Dus als we het beeld van de objectieve wereld even loslaten en ons richten op de wereld zoals wij die ervaren, zien we dat ieder de wereld anders ervaart. Of laat ik het beter zeggen: ieder ervaart een andere wereld. Een wereld die volledig overeenkomt met de persoon die hij is.
Een angstig persoon ervaart een wereld waarin er van alles is om bang voor te zijn. Een persoon die wantrouwt ervaart een wereld vol met dingen om te wantrouwen. Een persoon die zoekende is naar geluk ervaart een wereld waarin dat geluk lijkt te ontbreken of niet makkelijk beschikbaar lijkt te zijn. Met andere woorden, de wereld zoals die zich ontvouwt in ons bewustzijn is een reflectie van onszelf. Natuurlijk, want wij zijn als persoon deel van die wereld. Dus wij zijn ook tegelijkertijd als persoon de reflectie van de wereld die er ervaren. Wereld en wij als persoon zijn één.
Dat heeft belangrijke consequenties voor onze beoefening. Hoe vinden we de wereld van vrede? Hoe vinden we het Boeddhaland? Als we op zoek gaan, allerlei technieken proberen te hanteren, allerlei methodieken, dan ervaren we een wereld waarin Boeddhaschap op een afstand ligt, misschien voorbij de horizon.

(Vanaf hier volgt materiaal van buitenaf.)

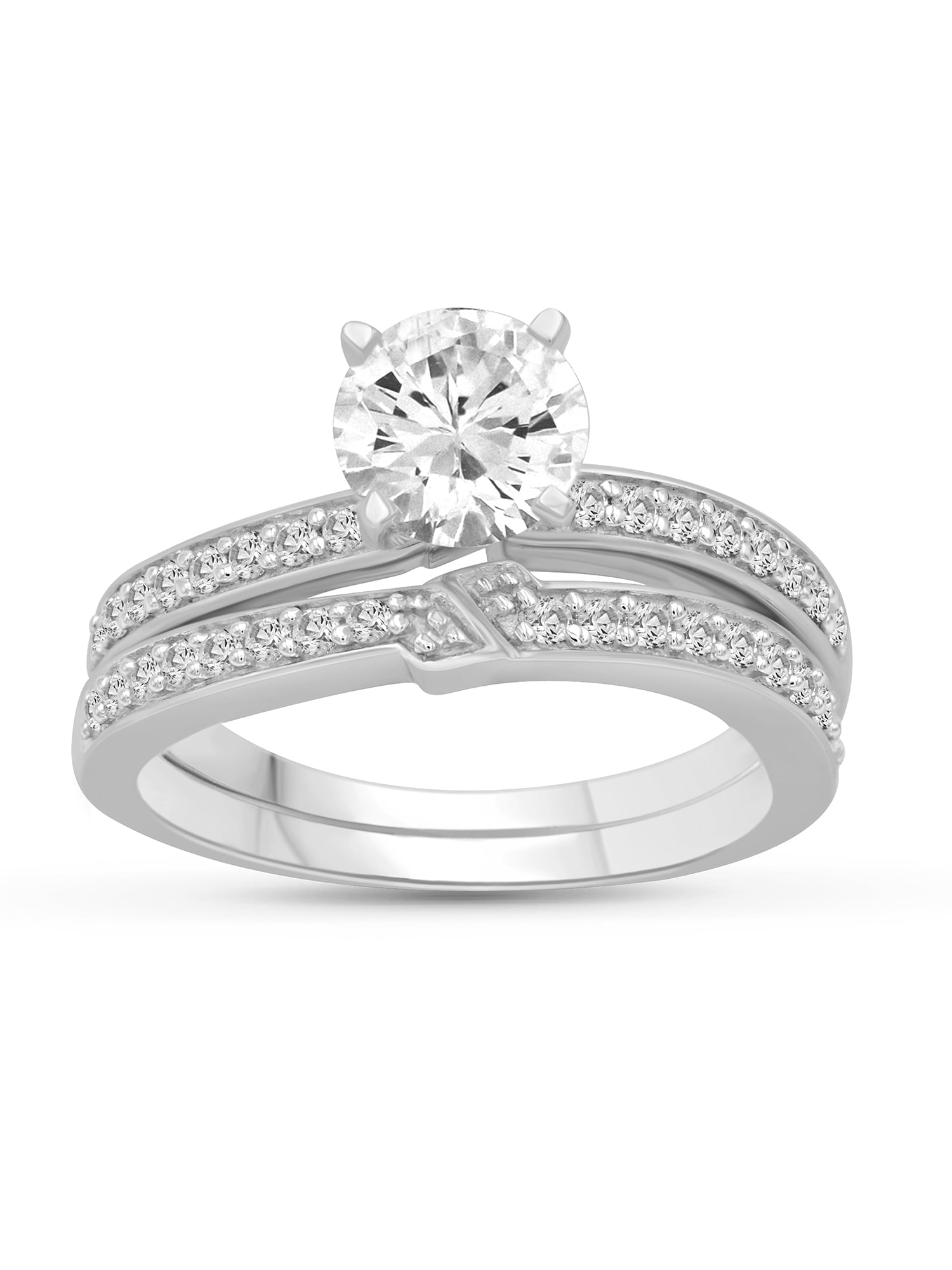 Diamonice 0.925 Sterling Silver 2.50 Carat White Cubic Zirconia Ring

Onze beoefening is één waarbij we volledig verzachten en ontspannen. Waarin we het zoeken laten gaan. Waarin we het verwachten laten gaan en waarin we zitten als een Boeddha. En het moment dat we werkelijk zitten als een Boeddha ervaren we het Boeddhaland. De wereld zoals we die ervaren beantwoordt meteen aan hoe we zelf zijn.

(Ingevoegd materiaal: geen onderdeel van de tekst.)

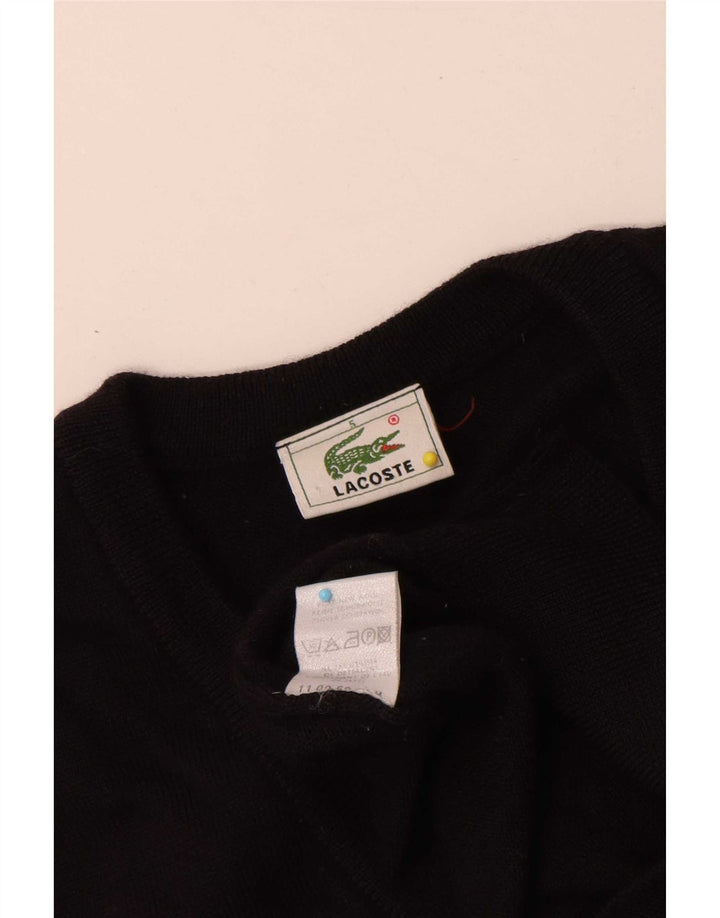 Lacoste Herre V-hals sweater str. 5 Large Sort Ny Uld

Dus als we de wereld van vrede willen vinden, ben zelf compleet vrede. Maar houd in de gaten, je kan niet doen alsof. Die vrede zal in de diepste poriën van je lichaam en geest moeten indalen om de wereld van vrede te zien. Want om het Boeddhaland te vinden, zal je werkelijk een Boeddha moeten zijn.
Dus zit als een Boeddha. Open je hart en geest en weet dat de wereld zoals je die ziet een reflectie is van het diepste in jezelf. Denk niet dat je de wereld kunt veranderen door dan bewust jezelf te gaan veranderen. Dan zie je alleen maar een wereld die altijd veranderd en je nooit het doel bereikt waarnaar je streeft. Want een wereld waarin je streeft is een onrustige wereld, geen Boeddhaland. Nee, je zal jezelf volledig moeten loslaten. Zover openen dat je aan niets meer vasthoudt. En daar meteen is het Boeddhaland.
* * * * *
"Dus als we de wereld van vrede willen vinden, ben zelf compleet vrede."